▶ WHAT TO DO:
Your copy should match the entries exactly, with the pictures left out.

▶ GIVEN ENTRIES:

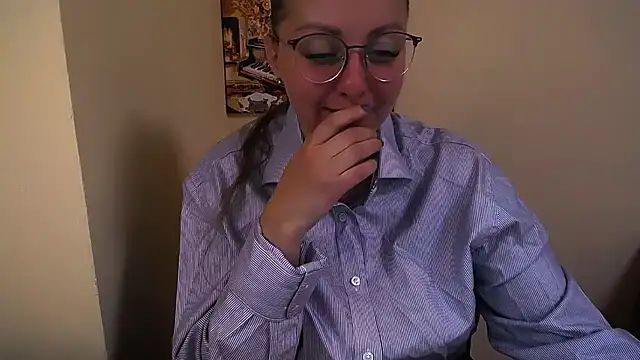  Annabelle Lee online show from 10-14-25, 01:01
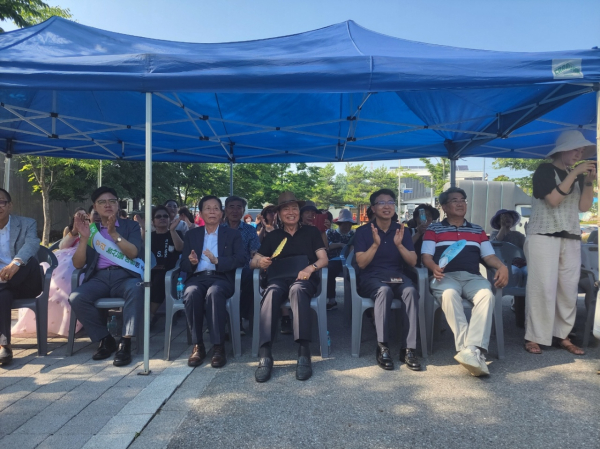 공연을 관람하는 관람객들/선장면 제공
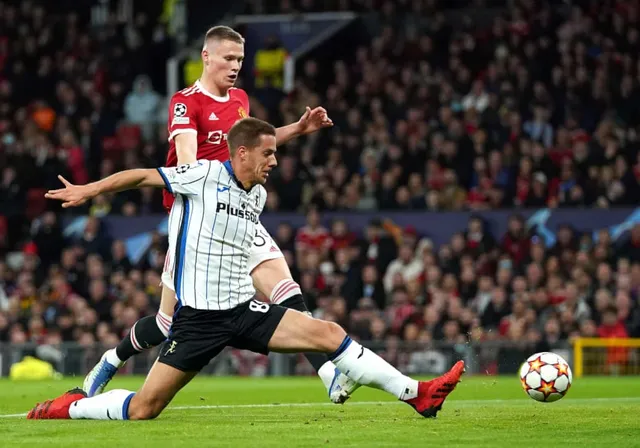 Ronaldo ghi bàn, Man Utd ngược dòng ngoạn mục trước Atalanta - Ảnh 1. Ronaldo ghi bàn, Man Utd ngược dòng ngoạn mục trước Atalanta - Ảnh 1.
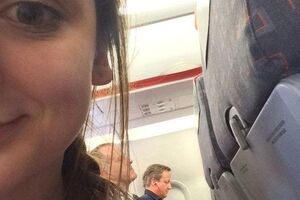 Девочка сделала селфи в салоне лоукоста на фоне британского премьер-министра Кэмерона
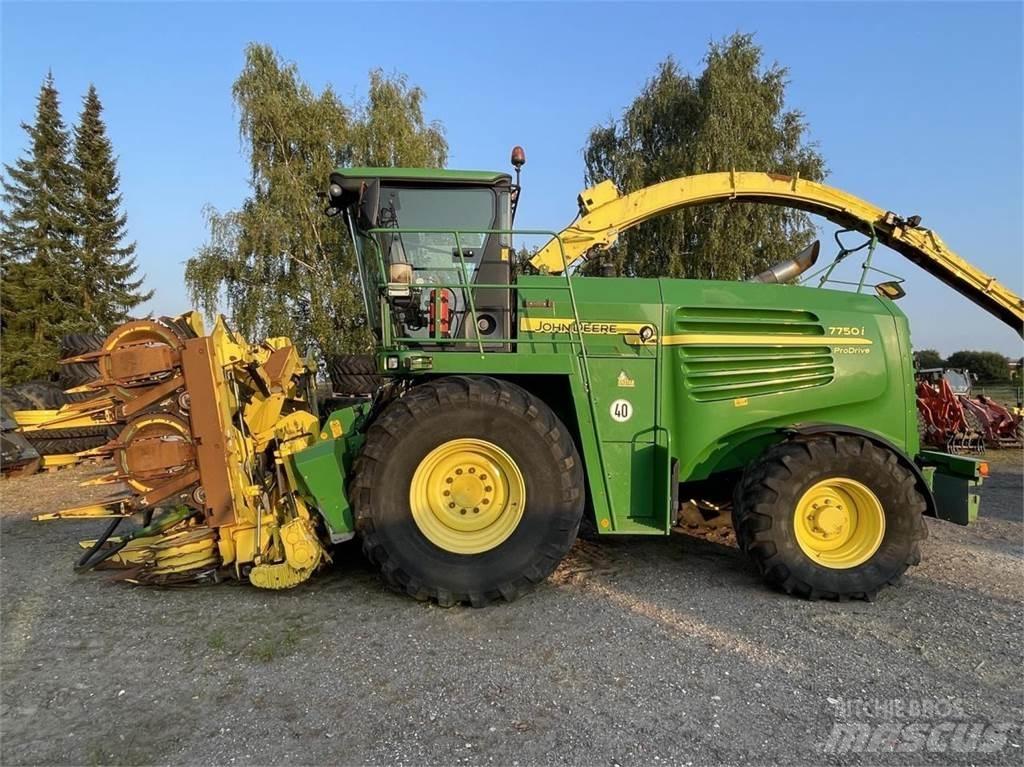 John Deere 7750 Strojevi za krmu na vlastiti pogon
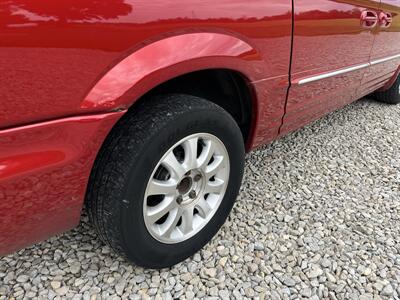 2001 Chrysler Town and Country LXi - Photo 4 - Shirley, IN 47384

▶ COMPLETED TASK:
  Annabelle Lee online show from 10-14-25, 01:01
 공연을 관람하는 관람객들/선장면 제공
 Ronaldo ghi bàn, Man Utd ngược dòng ngoạn mục trước Atalanta - Ảnh 1. Ronaldo ghi bàn, Man Utd ngược dòng ngoạn mục trước Atalanta - Ảnh 1.
 Девочка сделала селфи в салоне лоукоста на фоне британского премьер-министра Кэмерона
 John Deere 7750 Strojevi za krmu na vlastiti pogon
 2001 Chrysler Town and Country LXi - Photo 4 - Shirley, IN 47384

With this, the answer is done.